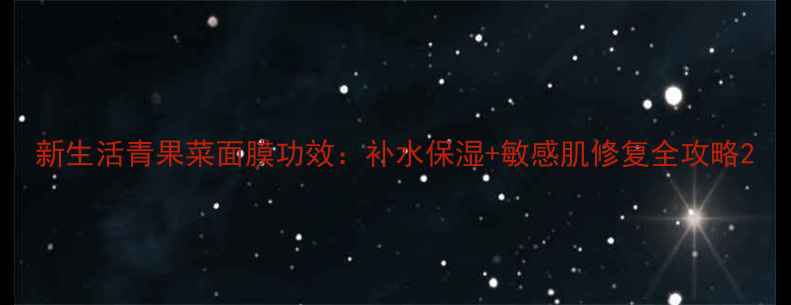 图片 新生活青果菜面膜功效：补水保湿+敏感肌修复全攻略2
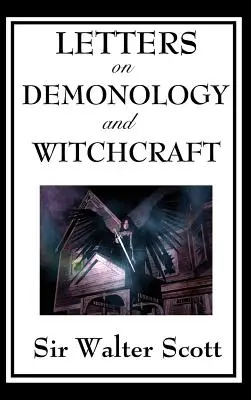 Briefe über Dämonologie und Hexerei - Letters on Demonology and Witchcraft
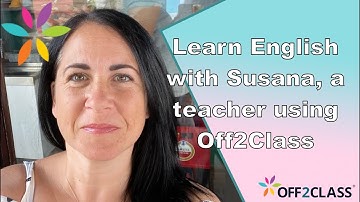 Learn English with Susana, a teacher using Off2Class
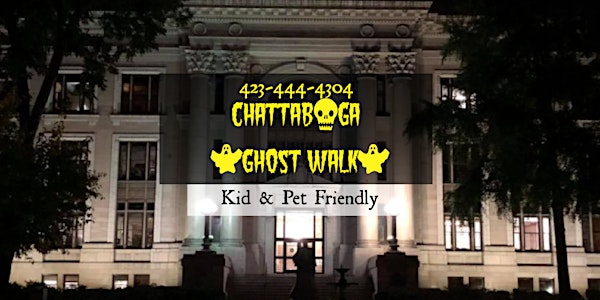 ChattaBOOga Ghost Walk - Live Guide Tour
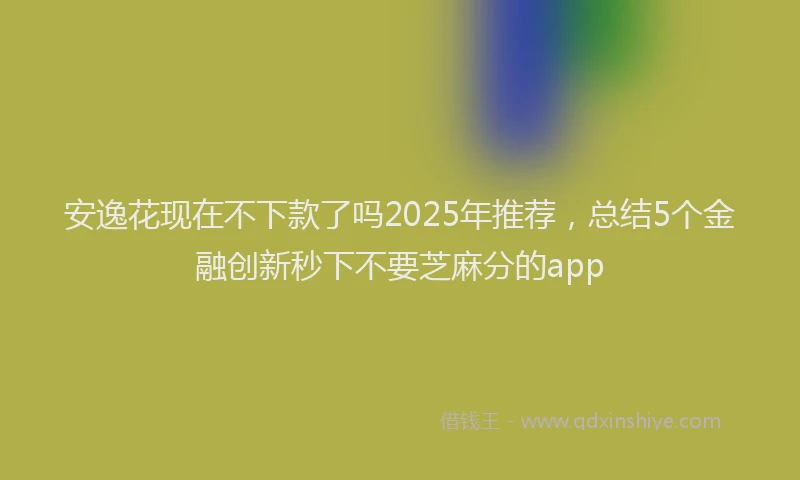 安逸花现在不下款了吗2025年推荐，总结5个金融创新秒下不要芝麻分的app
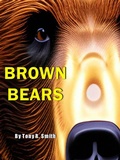 Cover: Brown Bears (Bear Books for Kids, #2) - Tony R. Smith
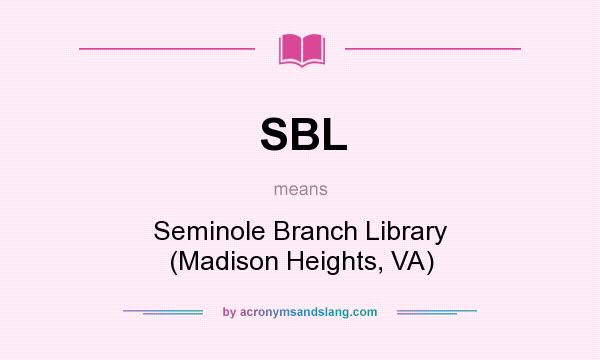 What does SBL mean? It stands for Seminole Branch Library (Madison Heights, VA)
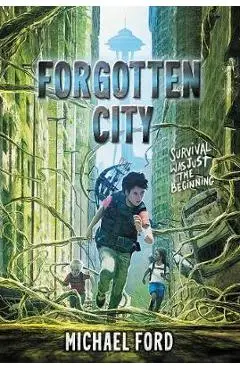 Forgotten City - Michael Ford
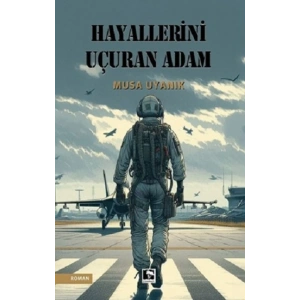 Hayallerini Uçuran Adam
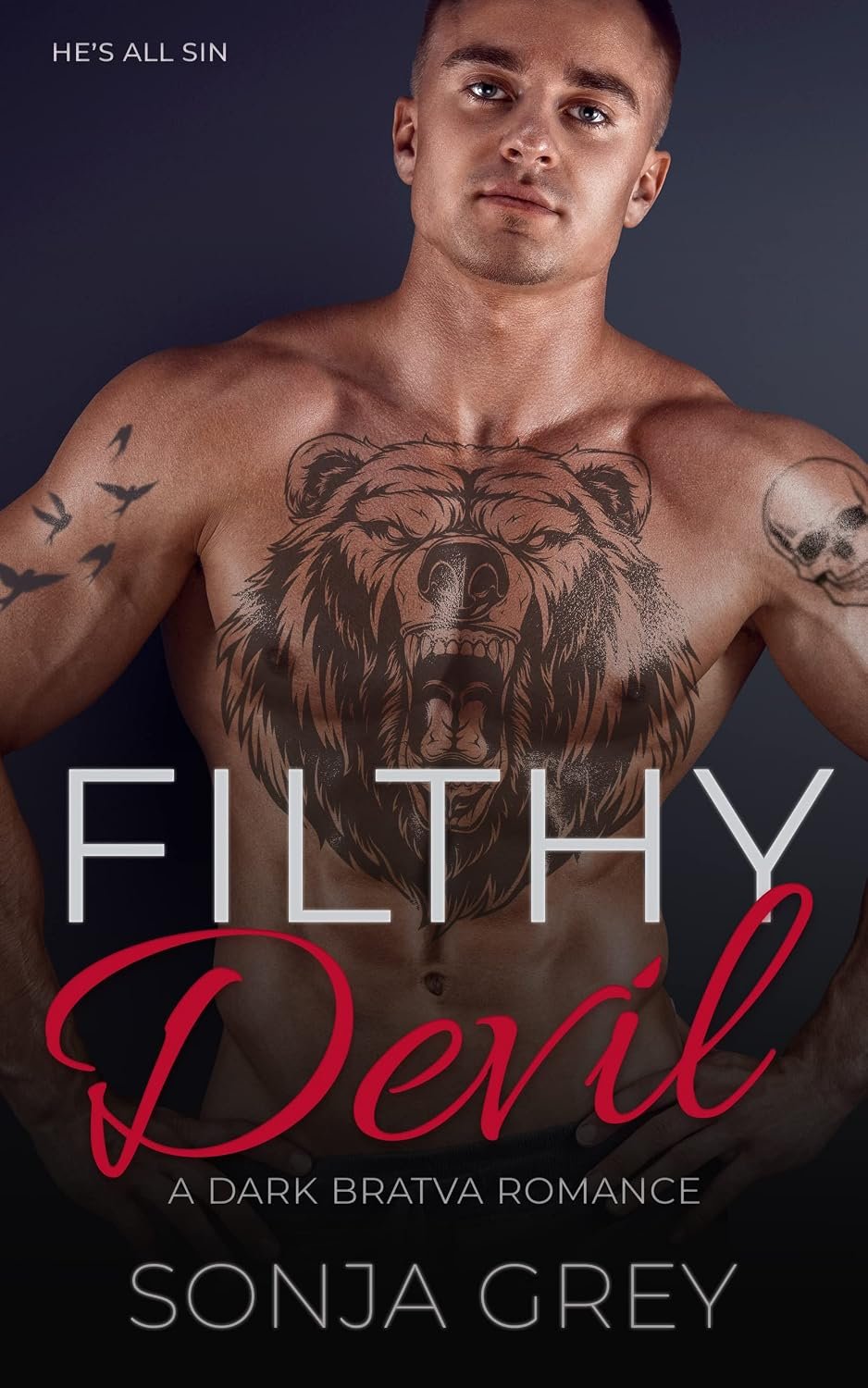 Filthy Devil: A Dark Bratva Romance (Medvedev Bratva Book 3) 1 Filthy Devil: A Dark Bratva Romance (Medvedev Bratva Book 3)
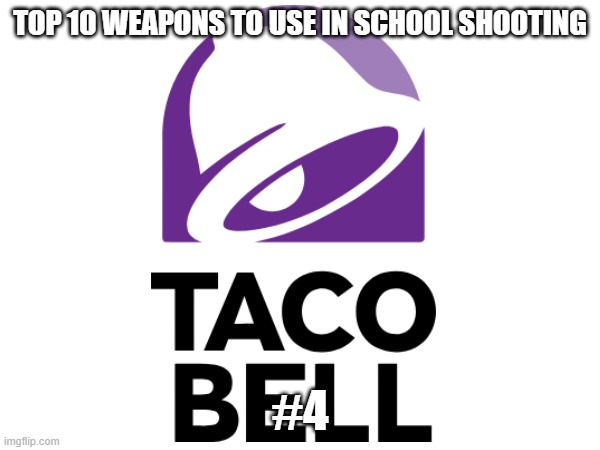 #4 | TOP 10 WEAPONS TO USE IN SCHOOL SHOOTING; #4 | image tagged in taco bell,hitler,school,school shooting,vecnaslastfollower | made w/ Imgflip meme maker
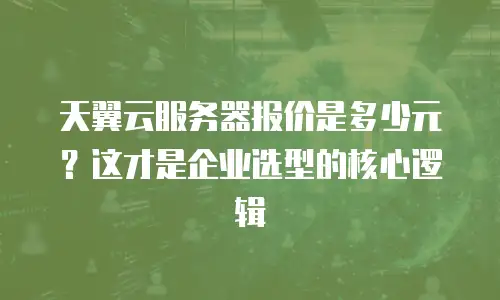 天翼云服务器报价是多少元？这才是企业选型的核心逻辑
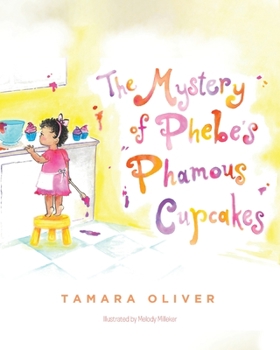 Paperback The Mystery of Phebe's Phamous Cupcakes Book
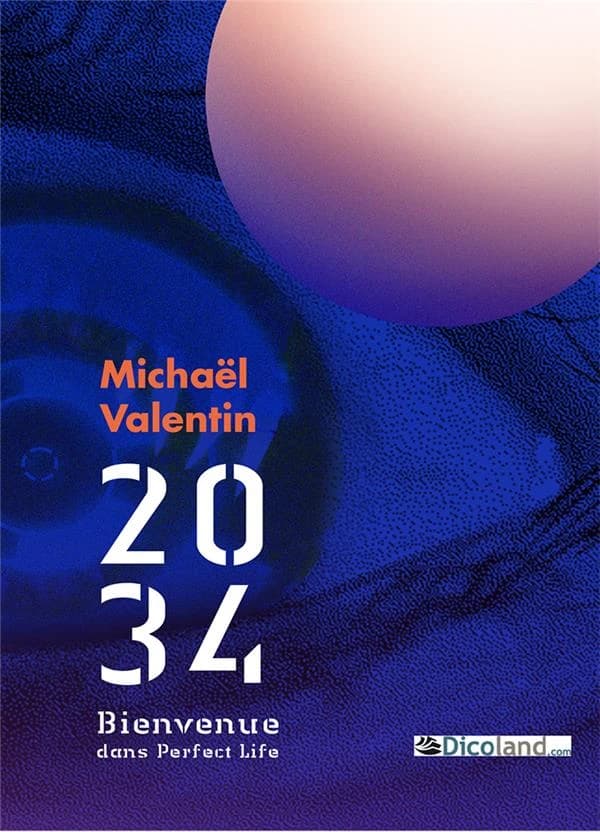 2034 : bienvenue dans perfect life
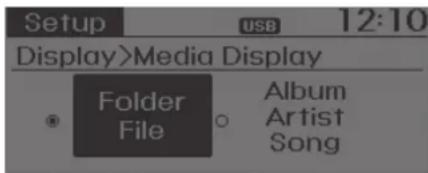 Setup USB 12:10 Display>Media Display Folder File Album Artist Song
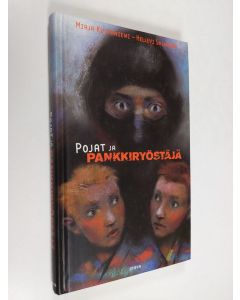Kirjailijan Mirja Kuivaniemi käytetty kirja Pojat ja pankkiryöstäjä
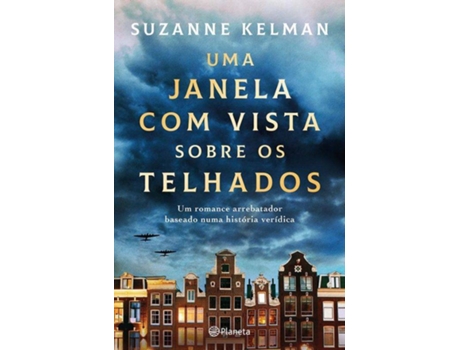 Livro Uma Janela Com Vista sobre os Telhados de Suzanne Kelman
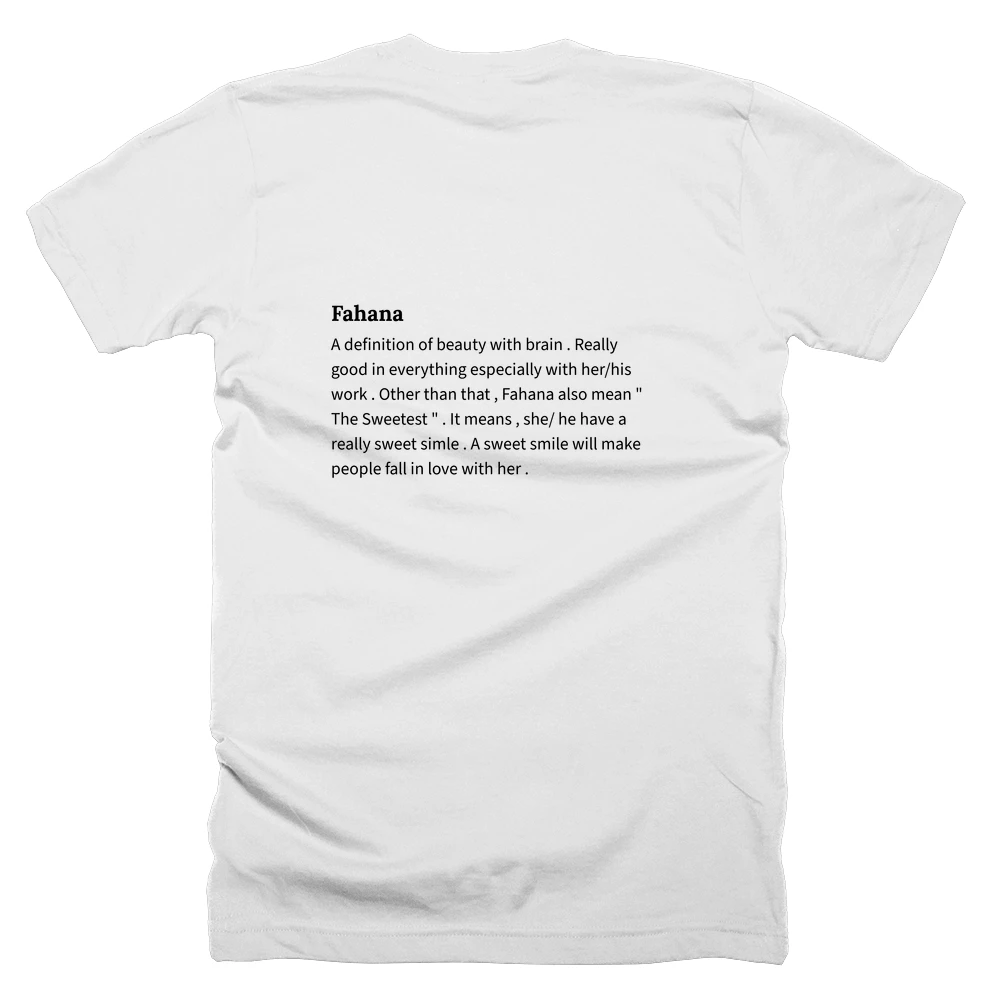 T-shirt with a definition of 'Fahana' printed on the back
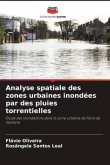 Analyse spatiale des zones urbaines inondées par des pluies torrentielles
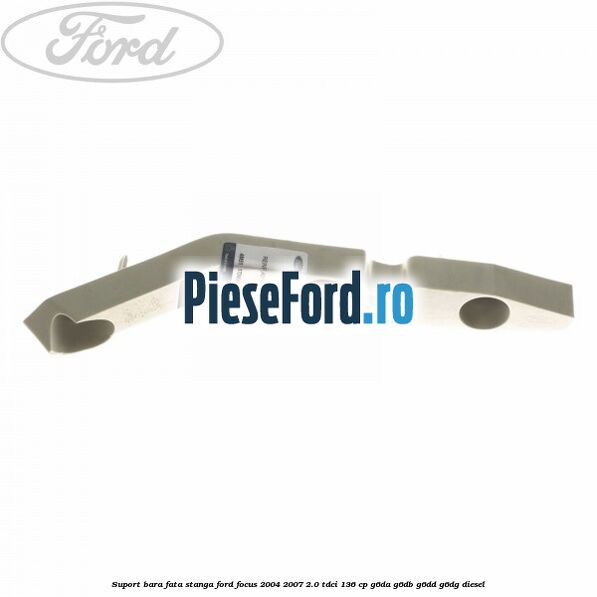 Suport bara fata stanga Ford Focus 2004-2007 2.0 TDCi 136 cp G6DA, G6DB, G6DD, G6DG diesel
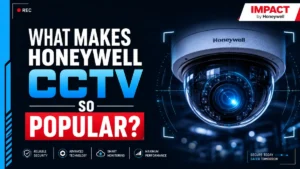 What Makes Impact by Honeywell CCTV So Popular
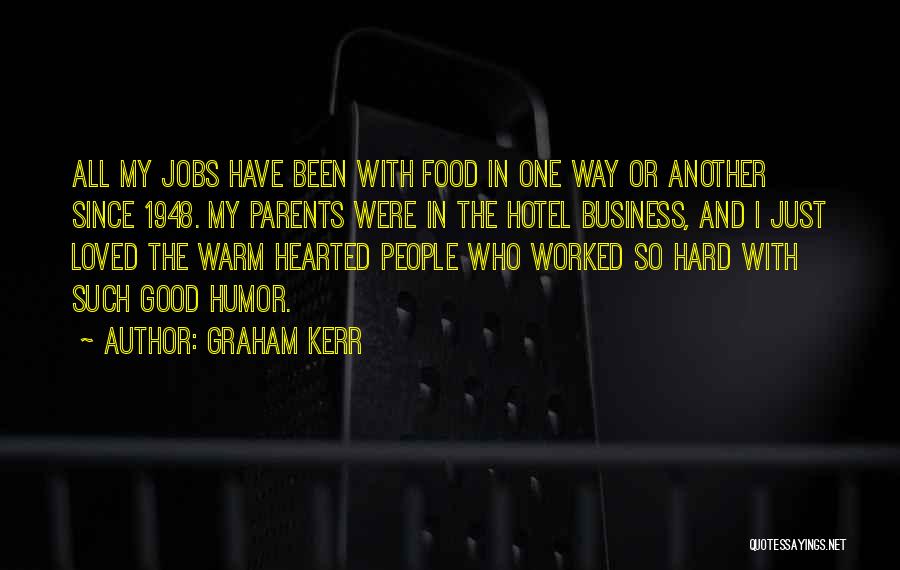 Graham Kerr Quotes: All My Jobs Have Been With Food In One Way Or Another Since 1948. My Parents Were In The Hotel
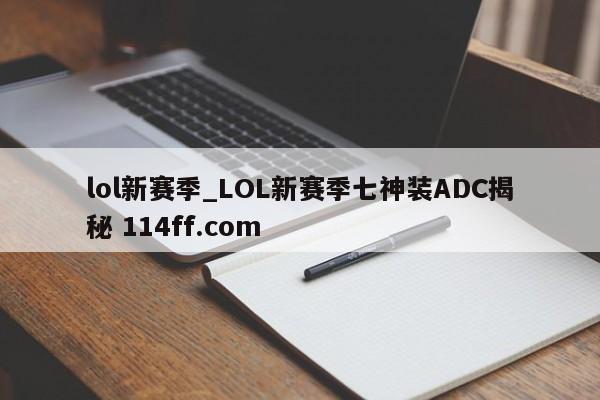 lol新赛季_LOL新赛季七神装ADC揭秘 114ff.com 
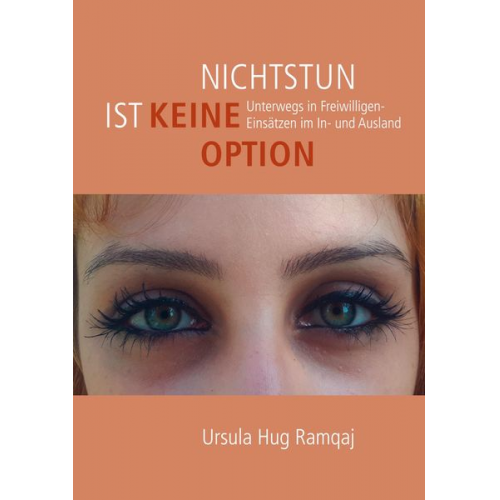 Ursula Hug Ramqaj - Ursula: Nichtstun ist keine Option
· · · ·
▶ [Activity] This exercise asks for an exact copy of the lines from the first one in the data through the line that contains "What does SBL", pictures excluded.

▶ [Expected output]
 图片 新生活青果菜面膜功效：补水保湿+敏感肌修复全攻略2
 Briefe über Dämonologie und Hexerei - Letters on Demonology and Witchcraft
 Learn English with Susana, a teacher using Off2Class
 ChattaBOOga Ghost Walk - Live Guide Tour
 安逸花现在不下款了吗2025年推荐，总结5个金融创新秒下不要芝麻分的app
 Cover: Brown Bears (Bear Books for Kids, #2) - Tony R. Smith
 What does SBL mean? It stands for Seminole Branch Library (Madison Heights, VA)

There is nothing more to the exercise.